Schorner has just opened his own rose-pink confection of a bakery-cafe, Patisserie Cafe Didier, in Washington's Georgetown, where chocolate cake ($2.50 a slice) and cream-puff swans ($2 each) are among the offerings. "Desserts sell better when they are beautiful," he notes, "so decorating is important."
So is display. A growing number of restaurants and cafes are raising the temptation factor by presenting their delectables on a rolling cart or a table strategically placed near the entrance. "Some customers reserve their choices before ordering dinner because they know we run out of certain things," says Sam Rubin, owner of the seafood restaurant John Clancy's in Manhattan, where individual lemon meringue tarts ($6) and dense, moist chocolate velvet cake ($6) are among the first to go. Another trend: dessert samplers, with an assortment of up to seven different confections. Joyce Goldstein, chef-owner of San Francisco's Square One, describes her $6.50 version as "a ritual platter, a little orgy."
Not all restaurants prepare their own desserts, which is a boon to suppliers like Just Desserts, the San Francisco bakery. In addition to running four retail shops, it services 550 restaurants. Its best sellers: chocolate sour- cream fudge cake, apple pie and carrot cake. In five years the business's butter consumption has jumped from 3,000 lbs. a week to 7,000, while its weekly flour order has doubled from 20,000 lbs. to 40,000.

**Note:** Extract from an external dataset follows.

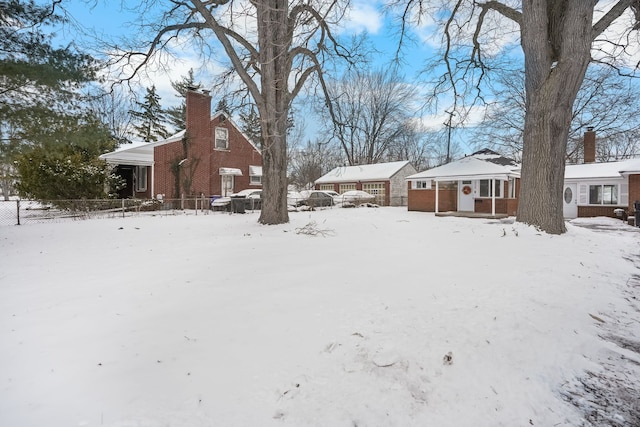 view of yard covered in snow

With the American sweet tooth ever aching for fulfillment, it is no wonder that the role of the pastry chef has become more glamorous and more highly paid in recent years. At the Culinary Arts Division of Johnson & Wales University in Providence, a two-year pastry program that began with 13 students in 1983 now has 208 who are learning to perfect such all-American favorites as cheesecake (the choice of one out of four restaurant dessert eaters), apple pie, fruit tarts and chocolate everything. "Making pastry requires creativity," says Arlene Chorney, an administrator at the school. "It's edible art."
Perhaps one of her graduates will become a latter-day Careme, the incomparable 19th century pastry chef to Talleyrand. All it would take is the right proportions of diligence, talent, eggs, butter and sugar, and perhaps a short prayer to St. Honore, patron saint of bakers.